GEULINCX, Arnold
Filosofo, nato ad Anversa il 31 gennaio 1624, morto a Leida nel novembre 1669. Iniziato al cartesianismo dai suoi maestri dell'università di Lovanio, insegnò egli stesso a lungo in quella città. Ma poi, a cagione delle diffidenze che gli aveva suscitate la sua opposizione alla filosofia tradizionale, fu costretto ad abbandonare la cattedra e la sede. L'amicizia del cartesiano A. Heidanus, che lo accolse ospitalmente a Leida, gli rese possibile di crearsi nuove condizioni di vita. Passato al calvinismo, divenne professore all'università di Leida.
Le opere principali del G. ripubblicate in 3 voll. a cura di J.P.N. Land (L'Aia 1891-93), sono: Logica (Leida 1662); De virtute et primis eius proprietatibus, quae vulgo Virtutes cardinales vocantur (Leida 1664): ristampata postuma nel 1675 a Leida col titolo Γνῶϑι σεαυτόν con notevoli aggiunte e completamenti a cura di Cornelius Bontekoe (è considerata l'opera fondamentale, ma presuppone la fisica e la metafisica); Physica vera (Amsterdam 1688) contrappone alla fisica aristotelica quella cartesiana); Metaphysica vera (Amsterdam 1691) postuma: Annotata praecurrentia ad R.C. principia (Dordrecht 1690); Annotata maiora ad principia philosophiae R.C. (Dordrecht 1691).
La dottrina del G. è improntata all'"occasionalismo". Essa, considerando Dio come la sola vera causa di tutto, attribuisce alle cause naturali e all'uomo stesso valore di mere "occasioni" al manifestarsi dell'azione divina. Il G. muove dall'insoddisfazione della soluzione cartesiana del problema del rapporto tra l'anima e il corpo, e sottopone a una critica stringente il famoso influxus physicus. Ponendo con Cartesio l'autocoscienza a fondamento di ogni attività, egli dice che di tutto ciò che effettivamente compiamo, dobbiamo avere coscienza; dunque quod nescis quomodo fiat id non facis. Giacché noi ignoriamo in qual modo nella sensazione il moto fisico e lo stimolo nervoso agiscano su un processo spirituale, così come ignoriamo in qual modo nella volizione la determinazione interiore produca un'azione nel nostro stesso corpo e tanto meno su altri corpi, se ne deve concludere che tanto la sensazione quanto la volizione non sono opera nostra, ma di Dio. Due spunti sono storicamente notevoli in questa dottrina gnoseologica: il concetto che il semplice movimento non basta a spiegare la sensazione, e quello (che il G. contrappone al realismo ontologico dell'aristotelismo scolastico) che la sostanza, l'unità, ecc. non esistono nelle cose in sé, ma sono categorie, modi del pensiero. È per questi concetti che alcuni storici hanno visto nel G. un precursore di Kant. Circa le cose in sé egli si mantiene agnostico: che cosa esse realmente siano noi uomini non sappiamo; la vera scienza è soltanto di Dio, che solo conosce le cose dal didentro, giacché egli solo opera in esse. Opera anche nella minima nostra azione, che è "miracolo", giacché postula una correlazione tra anima e corpo che è volta per volta prodotta da Dio. Il G. oscilla tra la concezione di un intervento sempre ripetuto e quella di un'armonia stabilita una volta tanto.

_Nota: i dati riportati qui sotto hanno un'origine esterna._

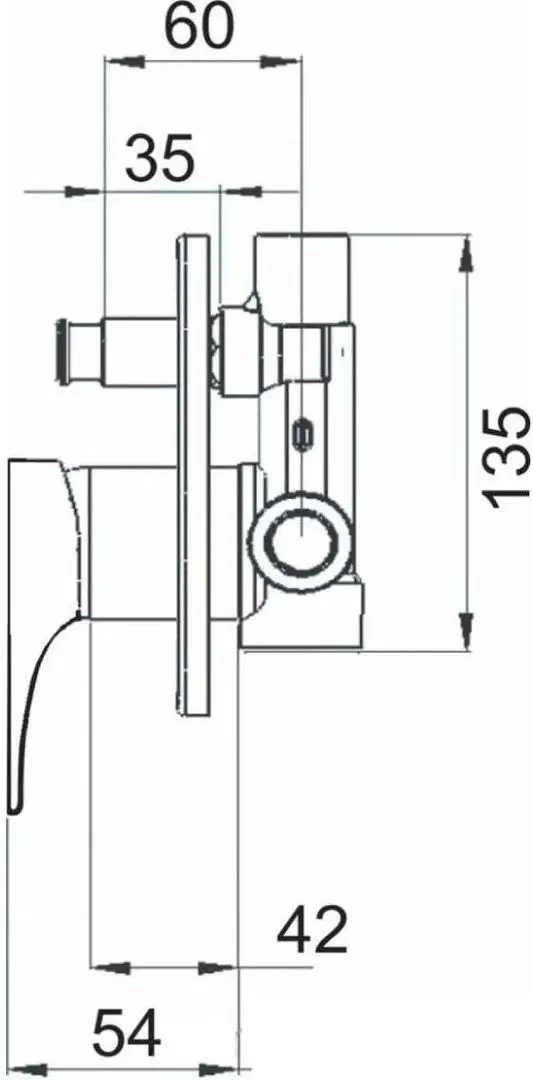 Смеситель для душа Remer Class Line L09NO (Black Matte)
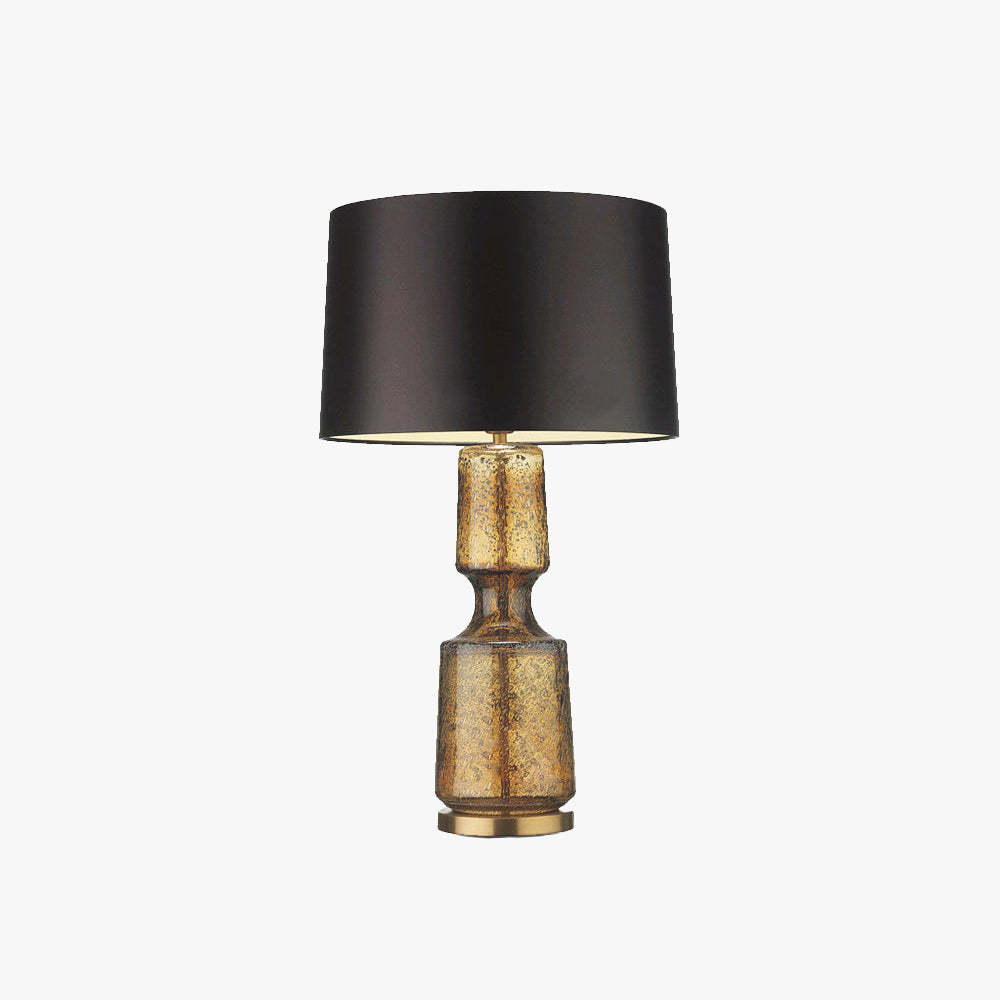 Drift Retro Glass Table Lamp Brass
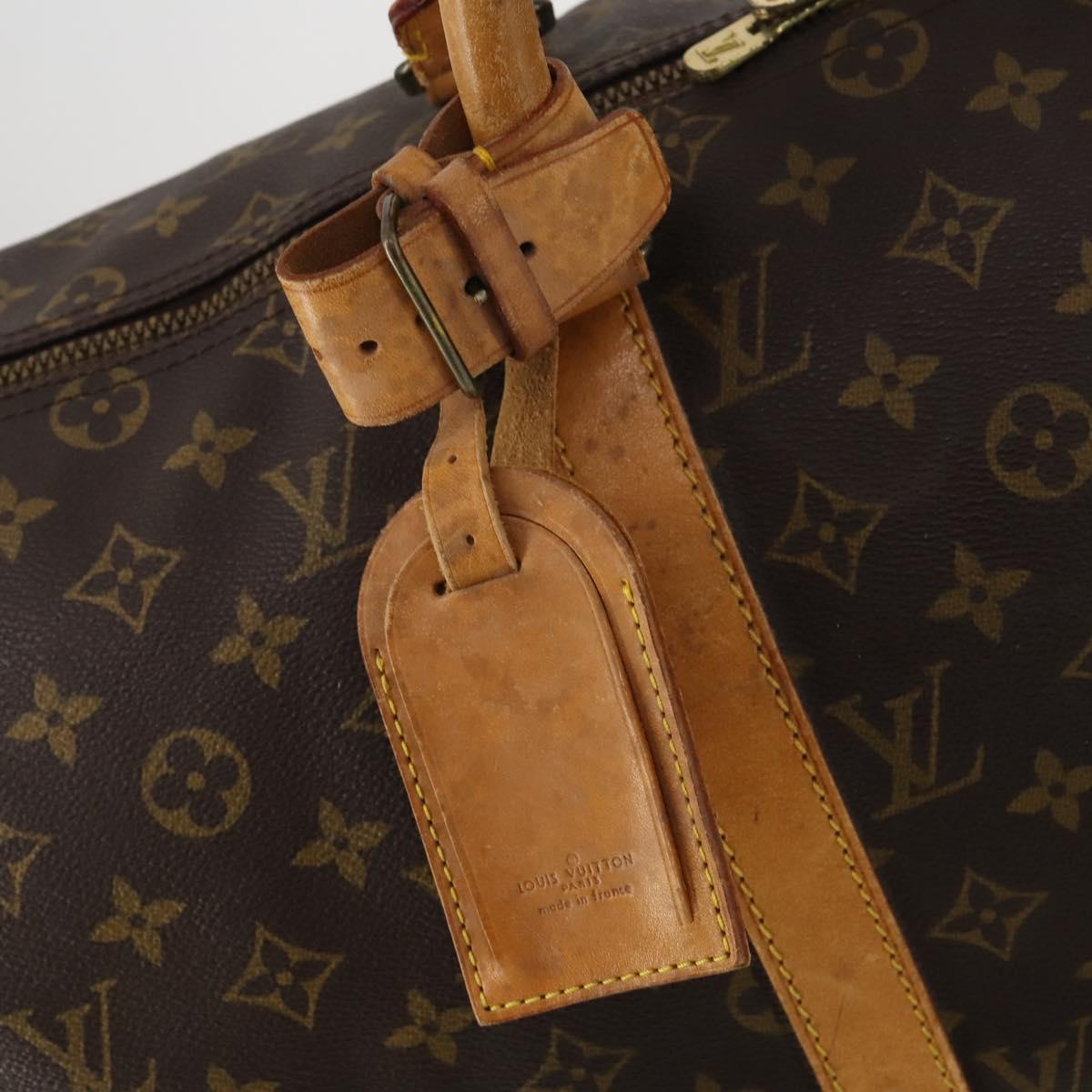 LOUIS VUITTON Monogram Keepall 50 Boston Bag M41426 LV Auth 187171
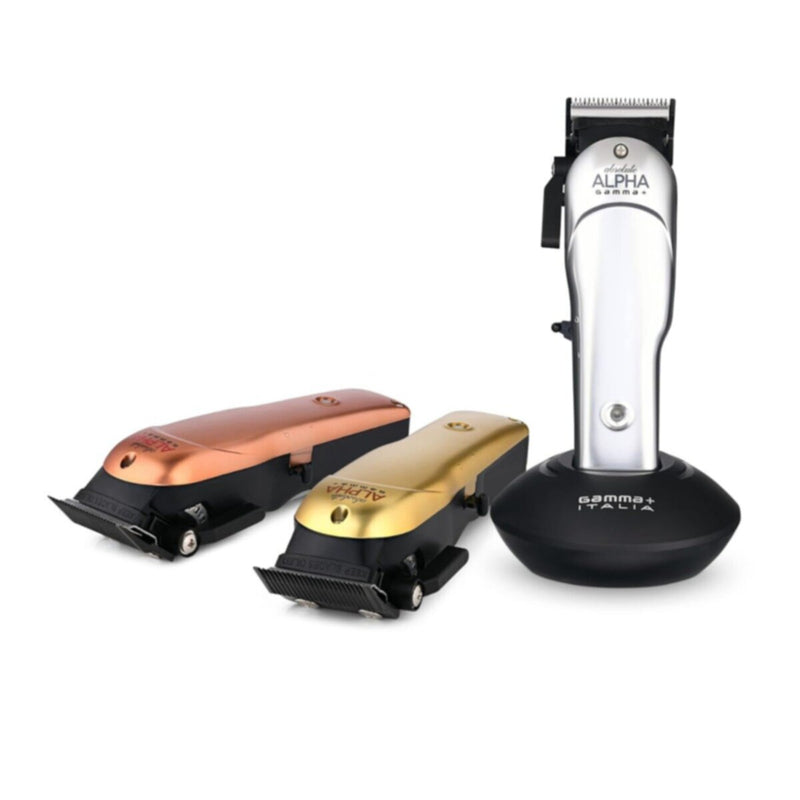 GAMMA+ | Absolute Alpha Professional Modular USB Cordless Clipper with 5 Dub Magnetic Guards
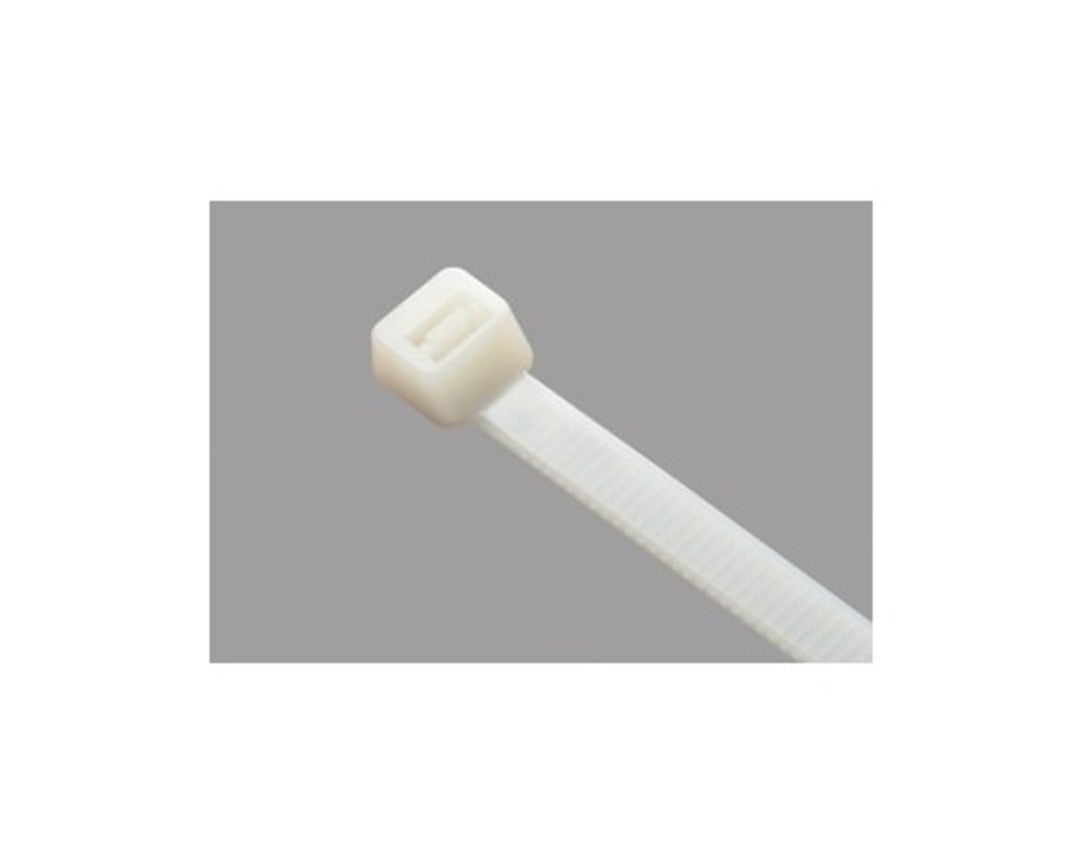 TieDex UK Cable Tie, Non-Releasable, 1.5 m x 9mm, Natural Nylon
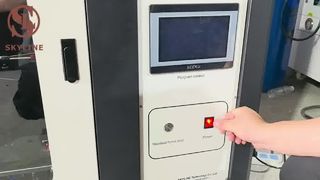 Solução de segurança contra incêndio em câmara de teste de chama de agulha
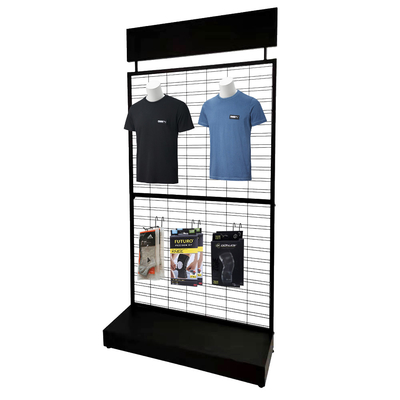 Supermarket sports equipment display rack  Display Shelving With Hook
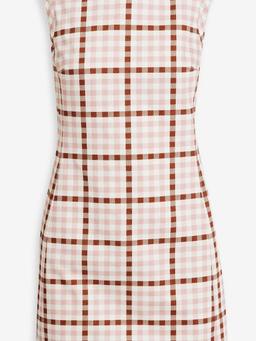 Emmy gingham cotton-twill mini dress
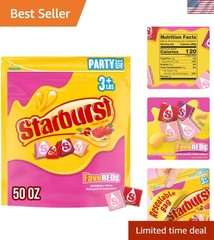FaveREDS 50oz Assorted Fruit Chews – Individually Wrapped for Any Celebration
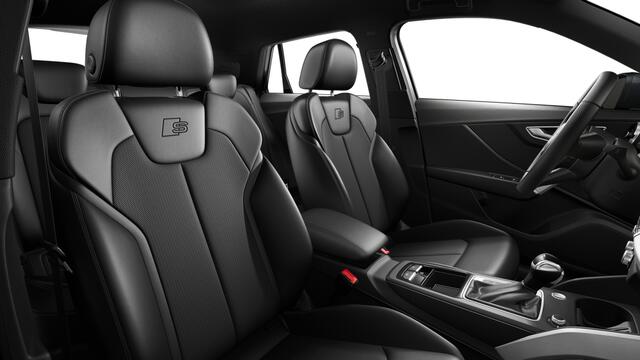 Audi Q2 35 TFSI 150 S tronic S edition Automaat | S line-interieur met sportstoelen en zwarte stoffen-kunstlederen bekleding | Matrix-ledkoplampen met Audi-laserlicht, ledachterlichten, lichtanimatie, dynamische knipperlichten | Velgen, 5-arm-ster, 7Jx17 | Parkee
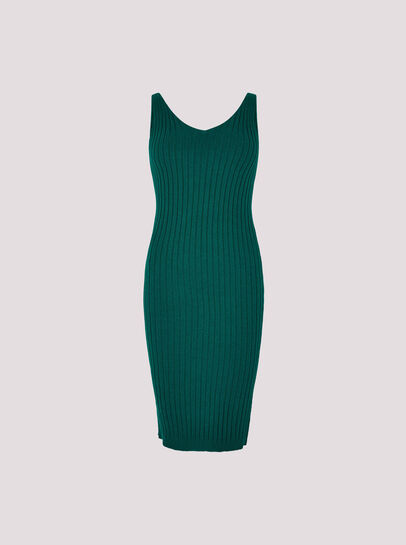 Ribbed Knit Bodycon Midi Dress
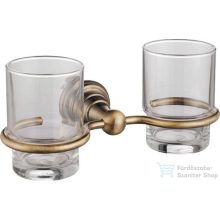 Sapho DIAMOND dupla pohár tartó, bronz 1318-05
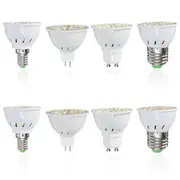 E14 E27 GU10 MR16 AC85-265V 3.5W 24 SMD 5730 Pure White Warm White LED Spot Lightt Bulbs 350LM GU10 WARM WHITE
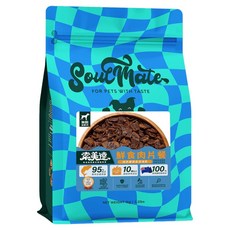 SoulMate 索美達鮮食肉片狗狗餐- 天然食材 Omega-3脂肪酸, 紐西蘭南島深海魚, 500g, 1包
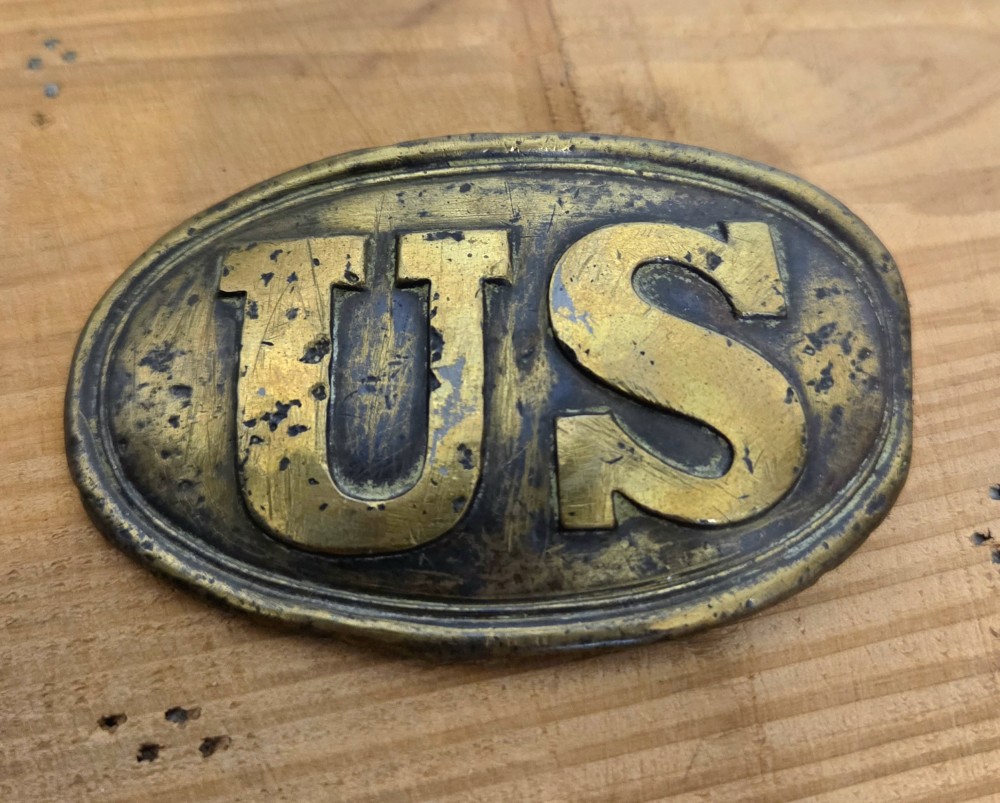 VTG US Civil War Reproduction Belt Buckle.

Scosso il principio di causalità nel rapporto tra l'anima e il corpo, vacilla anche quello della causalità nella natura: nel concetto di un corpo non c'è il concetto della sua possibilità di azione su un altro: in tal modo il G. compie un altro passo nella via che Hume percorrerà. Il concetto di sostanza invece in sede metafisica rimane saldo per il G. che gli dà una intonazione quasi panteistica: tanto gli esseri materiali quanto quelli spirituali non sono altro che modi (praecisiones) rispettivamente della sostanza estesa e di quella pensante. Se dagli esseri spirituali si tolgono i. limiti del finito, quello che resta è Dio. Da queste premesse discende un'etica mistica, ascetica e rinunziataria: se anche il più fugace gesto dell'uomo è opera di Dio, la volontà umana è annichilita; egli non può fare altro che contemplare sé stesso e umiliarsi in Dio. Il G. tenta riscattare la negatività di questa posizione facendo discendere questa despectio non da una supina acquiescenza, ma dalla convinzione razionale dell'impotenza nostra e dell'onnipotenza divina, e facendo di questa dedizione a Dio la suprema felicità e insieme il primo dovere. Di conseguenza le virtù cardinali sono per lui l'umiltà, che è la suprema, poi la diligenza, l'obbedienza, e la giustizia, che sono rispettivamente auscultatio, executio e adaequatio rationis, posto, s'intende, a fondamento dell'etica un amor Dei ac rationis, che fa pensare all'amor Dei intellectualis di Spinoza.
Bibl.: E. Grimm, A.G.s Erkenntnistheorie und Occasionalismus, Jena 1875; E. Pfleiderer, A.G. als Hauptvertreter der occasionalistischen Metaphysik und Ethik, Tubinga 1882; E. Göpfert, G.s ethischen System, Breslavia 1883; G. Samtleben, G. ein Vorgänger Spinozas, Halle 1885; Van der Haeghen, G. Étude sur sa vie, sa philosophie et ses oeuvres, Liegi 1886; J.P.N. Land, A.G., L'Aia 1895; M. de Wulf, A.G. et le procès de la philosophie aristotélicienne au XVIIe siècle, in Revue Néo-Scolastique, 1910, p. 53; E. Terraillon, La morale de G. dans ses rapports avec la philosophie de Descartes, Parigi 1912; A. Levi, Saggio sulla metafisica del G., in Riv. trim. di studi fil. e rel., II (1921), p. 4.